We have absolutely no conception, no understanding, no idea of the pain bourn
by the Avatar, the Divine Pain, bourn for the sake of this mortal creature. The
Mother says:
People do not know what a
tremendous sacrifice Sri Aurobindo has made for the world. About a year ago,
while I was discussing things, I remarked that I felt like leaving this body of
mine. He spoke out in a very firm tone, “No, this can never be. If necessary
for this transformation, I might go, you will have to fulfil our Yoga of
supramental descent and transformation.” We stand in the Presence of Him who
has sacrificed his physical life in order to help more fully his work of
transformation. He is always with us, aware of what we are doing, of all our
thoughts, of all our feelings and all our actions.
She told this to one of her
attendants on 18 January 1951. And then, we have her prayer dated 9 December
1950, later inscribed on the Samadhi: (CWM, Vol. 13)

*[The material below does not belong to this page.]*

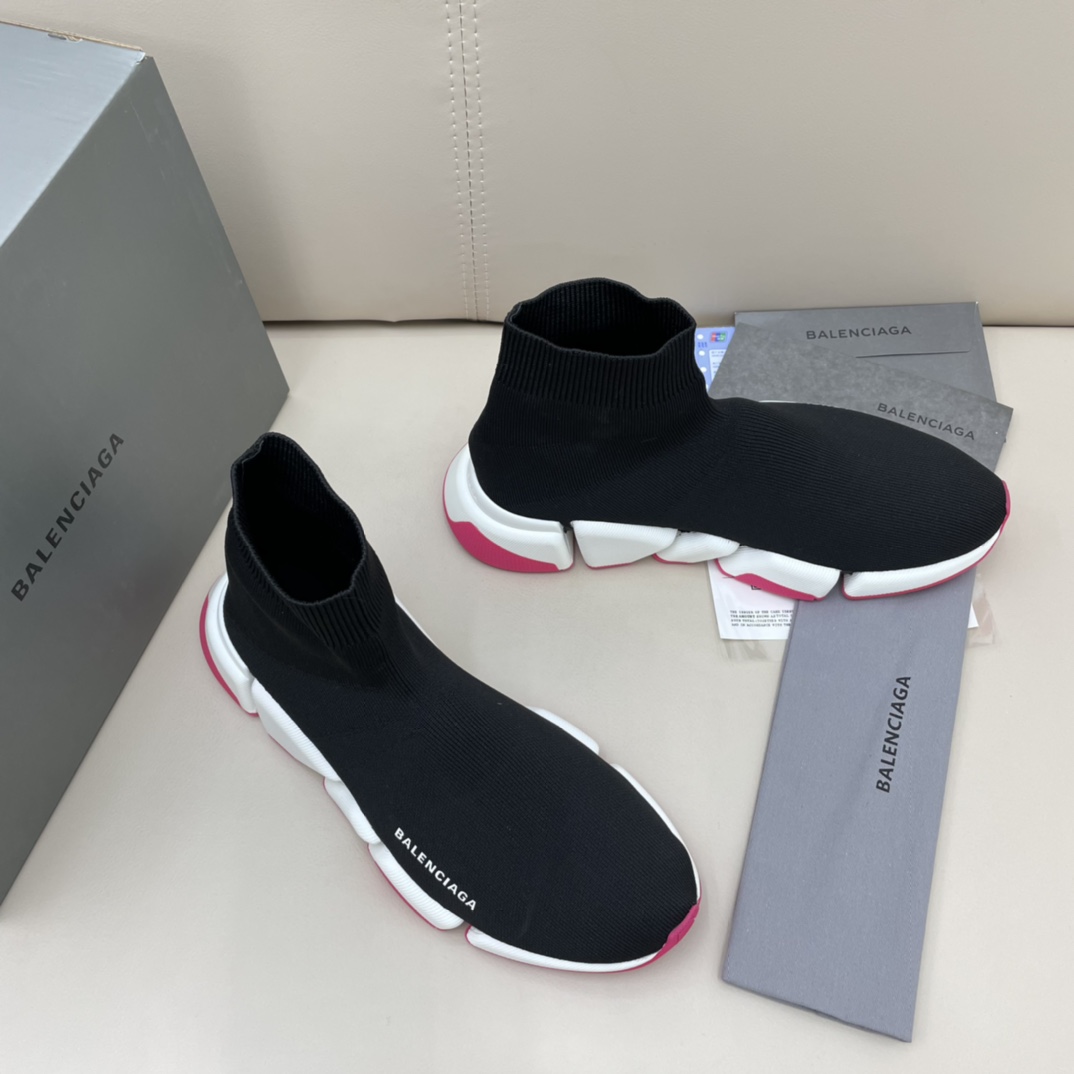 Balenciaga  Speed 2.0 Recycled Knit Sneaker  - FashionPlug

To Thee who hast been the material
envelope of our Master, to Thee our infinite gratitude. Before Thee who hast
done so much for us, who hast worked, struggled, suffered, hoped, endured so
much, before Thee who hast willed all, attempted all, prepared, achieved all
for us, before Thee we bow down and implore that we may never forget, even for
a moment, all we owe to Thee.
He “who worked, struggled,
suffered, hoped, endured so much, willed all, attempted all, prepared, achieved
all,”—about him we comprehend nothing. What can we know about the Avatar’s
passing through the portals of the life that is a death? nothing, not a bit.
And when we look at The Lives of Sri
Aurobindo published last year by the Columbia University Press we put our head down in shame.